2. Listing elements of
a permutation group using MAPLE's functions.
2.1. permgroup(degree, {generators})
This routine constructs a permutation group of
specified degree and generators.
Note: All permutations in MAPLE V must
be written as disjoint cycles.
Example: The symmetric group S_3. >with(group):
>
S_3 := permgroup(3,{[[1,2]],[[1,2,3]]});
S_3
:= permgroup(3, {[[1, 2]], [[1, 2, 3]]})
2.2. grouporder
(group)
This routine gives the order (or number of elements)
of a group.
Example : To verify S_3 above has 6 elements:
> grouporder(S_3);
6
2.3. cosets(PG,SG)
This routine gives a complete list of right coset
representatives for a subgroup SG of a permutation group PG. A set of permutations
in disjoint cycle notation is returned.
 2.3.1 Note:
 PG and SG must be permutation groups of the same
degree.
 This routine can be used to list elements of
a permutation group when SG is the trivial subgroup, { }, of the same degree.
 2.3.2 Example
 > ident := permgroup
(3, {[]} ):
 > cosets(S_3, ident);
 {[],
[[1, 2]], [[1, 2, 3]], [[1, 3, 2]], [[1, 3]], [[2, 3]]}
3. Listing elements of permutation groups
without the cosets command.
The following MAPLE V' s functions will be required.
 (i) permute(n)
 This
function (found in MAPLE V's combinat package) constructs a list of all
permutations
of n objects.
 (ii) convert(permlist, 'disjcyc')
 This
function converts permutations in a list into disjoint cycles.
 (iii) groupmember(element, PG)
 This
function tests if a given element is a member of the permutaion group PG.
3.1 Outline of Procedure (for listing elements
of a permutation group )
 (i) Create a list L0 of all
permutations on n letters using combinat[permute](n)
 (ii) Convert all elements in
L0 to disjoint cycles with convert(L0, 'disjcyc').

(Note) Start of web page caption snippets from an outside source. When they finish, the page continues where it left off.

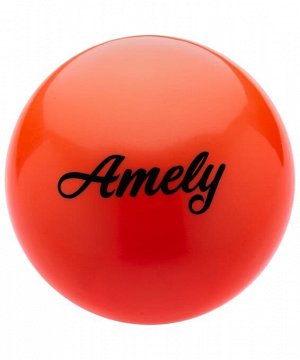 Мяч для художественной гимнастики AGB-101, 15 см, оранжевый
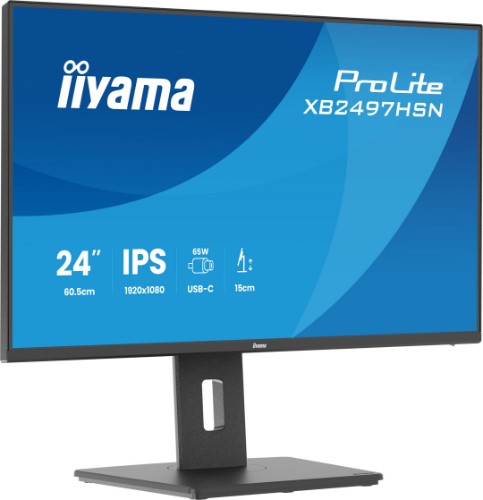 iiyama ProLite XB2497HSN-B1 computer monitor 60.5 cm (23.8") 1920 x 1080 pixels Full HD LED Black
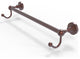 Dottingham 30" Towel Bar with Integrated Hooks, Antique Copper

 (iii) Create the permutation group
G of degree n generated by generators in the set L using
permgroup(n, L).
 (iv) Test each elements in L0 for membership
in G using groupmember(element, G)
 (v) Put those that are members
of G in a set L1. Display L1.
 3.2 Procedure gpElements (n, L)
 (lists all elements of a permutation
group of degree n generted by a list of generators L)
 > gpElements := proc(n::integer,G)
 > local i,j,L0,L1;
 > L0 := combinat[permute](n);
 > for i from
1 to nops(L0) do
 > g.i
:= convert(L0[i],'disjcyc');
 > od;
 > L1 := []:
for i from 1 to nops(L0) do
 > if
groupmember(g.i,G) then
 > L1
:= [op(L1),g.i];
 > fi;
 > od;
 > RETURN(L1);
 > end;
3.3 Example
 > S_3 := permgroup(3,{[[1,2]],[[1,2,3]]});
 S_3
:= permgroup(3, {[[1, 2]], [[1, 2, 3]]})
 > gpElements(3, S_3);
 [[],
[[2, 3]], [[1, 2]], [[1, 2, 3]], [[1, 3, 2]], [[1, 3]]]
 > S_4 := permgroup(4,{[[1,2]],[[1,2,3,4]]});
 S_4
:= permgroup(4, {[[1, 2]], [[1, 2, 3, 4]]})
 > gpElements(4, S_4);
 [[], [[3, 4]], [[2, 3]], [[2, 3, 4]], [[2, 4,
3]], [[2, 4]], [[1, 2]], [[1, 2], [3, 4]],
 [[1, 2, 3]], [[1, 2, 3, 4]], [[1, 2, 4, 3]],
[[1, 2, 4]], [[1, 3, 2]], [[1, 3, 4, 2]],
 [[1, 3]], [[1, 3, 4]], [[1, 3],[2, 4]], [[1,
3, 2, 4]], [[1, 4, 3, 2]], [[1, 4, 2]],
 [[1, 4, 3]], [[1, 4]], [[1, 4, 2, 3]], [[1,
4], [2, 3]]]
4. Embedded Subgroups of a Symmetric Group
and Cayley's Theorem
By
comparing an embedded subgroup of a symmetric group with a symmetric group
of lower degree having exactly the same elements (in disjoint cycle notations),
the students will see the distinction between subgroup of a symmetric group
and a subset which is also a group but not a subgroup of that symmetric
group. In particular, this experiment will illustrate the following
points
(i) S_3 is not a subgroup of S_4. Although, written
as disjoint cycle, every element of S_3 is in S_4 and S_3 is a group. However,
a subgroup of a permutation group must have the same degree. I.e.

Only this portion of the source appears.